▶ **DESCRIPTION OF THE TASK**
Each record that follows should be transcribed word for word.

▶ **ENTRIES SUPPLIED**
╔══

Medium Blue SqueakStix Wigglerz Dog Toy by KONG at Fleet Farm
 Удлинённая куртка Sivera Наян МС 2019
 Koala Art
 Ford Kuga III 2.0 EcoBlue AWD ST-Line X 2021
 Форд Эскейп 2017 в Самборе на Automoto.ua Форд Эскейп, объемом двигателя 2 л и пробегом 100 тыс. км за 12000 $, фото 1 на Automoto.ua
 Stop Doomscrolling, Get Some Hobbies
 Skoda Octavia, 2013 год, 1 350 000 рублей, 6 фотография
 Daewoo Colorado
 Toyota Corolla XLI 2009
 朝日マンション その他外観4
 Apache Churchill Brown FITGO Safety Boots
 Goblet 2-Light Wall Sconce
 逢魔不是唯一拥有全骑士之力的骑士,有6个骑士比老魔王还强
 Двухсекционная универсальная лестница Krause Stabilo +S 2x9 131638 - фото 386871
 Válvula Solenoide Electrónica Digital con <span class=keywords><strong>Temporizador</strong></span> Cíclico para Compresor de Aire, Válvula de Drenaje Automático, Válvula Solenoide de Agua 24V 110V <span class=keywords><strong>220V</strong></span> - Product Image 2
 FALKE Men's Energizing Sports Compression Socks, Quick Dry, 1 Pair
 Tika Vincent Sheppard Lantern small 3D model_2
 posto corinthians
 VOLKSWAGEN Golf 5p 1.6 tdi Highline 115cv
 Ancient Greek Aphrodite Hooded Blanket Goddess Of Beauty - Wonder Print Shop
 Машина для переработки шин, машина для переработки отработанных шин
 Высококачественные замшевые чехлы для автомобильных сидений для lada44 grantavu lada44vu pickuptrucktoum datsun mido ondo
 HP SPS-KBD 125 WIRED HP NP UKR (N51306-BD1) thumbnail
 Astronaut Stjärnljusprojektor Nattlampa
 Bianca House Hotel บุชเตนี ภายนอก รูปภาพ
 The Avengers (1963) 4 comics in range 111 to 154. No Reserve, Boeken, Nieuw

╚══

▶ **REPLY TO THE EXERCISE**
Medium Blue SqueakStix Wigglerz Dog Toy by KONG at Fleet Farm
 Удлинённая куртка Sivera Наян МС 2019
 Koala Art
 Ford Kuga III 2.0 EcoBlue AWD ST-Line X 2021
 Форд Эскейп 2017 в Самборе на Automoto.ua Форд Эскейп, объемом двигателя 2 л и пробегом 100 тыс. км за 12000 $, фото 1 на Automoto.ua
 Stop Doomscrolling, Get Some Hobbies
 Skoda Octavia, 2013 год, 1 350 000 рублей, 6 фотография
 Daewoo Colorado
 Toyota Corolla XLI 2009
 朝日マンション その他外観4
 Apache Churchill Brown FITGO Safety Boots
 Goblet 2-Light Wall Sconce
 逢魔不是唯一拥有全骑士之力的骑士,有6个骑士比老魔王还强
 Двухсекционная универсальная лестница Krause Stabilo +S 2x9 131638 - фото 386871
 Válvula Solenoide Electrónica Digital con <span class=keywords><strong>Temporizador</strong></span> Cíclico para Compresor de Aire, Válvula de Drenaje Automático, Válvula Solenoide de Agua 24V 110V <span class=keywords><strong>220V</strong></span> - Product Image 2
 FALKE Men's Energizing Sports Compression Socks, Quick Dry, 1 Pair
 Tika Vincent Sheppard Lantern small 3D model_2
 posto corinthians
 VOLKSWAGEN Golf 5p 1.6 tdi Highline 115cv
 Ancient Greek Aphrodite Hooded Blanket Goddess Of Beauty - Wonder Print Shop
 Машина для переработки шин, машина для переработки отработанных шин
 Высококачественные замшевые чехлы для автомобильных сидений для lada44 grantavu lada44vu pickuptrucktoum datsun mido ondo
 HP SPS-KBD 125 WIRED HP NP UKR (N51306-BD1) thumbnail
 Astronaut Stjärnljusprojektor Nattlampa
 Bianca House Hotel บุชเตนี ภายนอก รูปภาพ
 The Avengers (1963) 4 comics in range 111 to 154. No Reserve, Boeken, Nieuw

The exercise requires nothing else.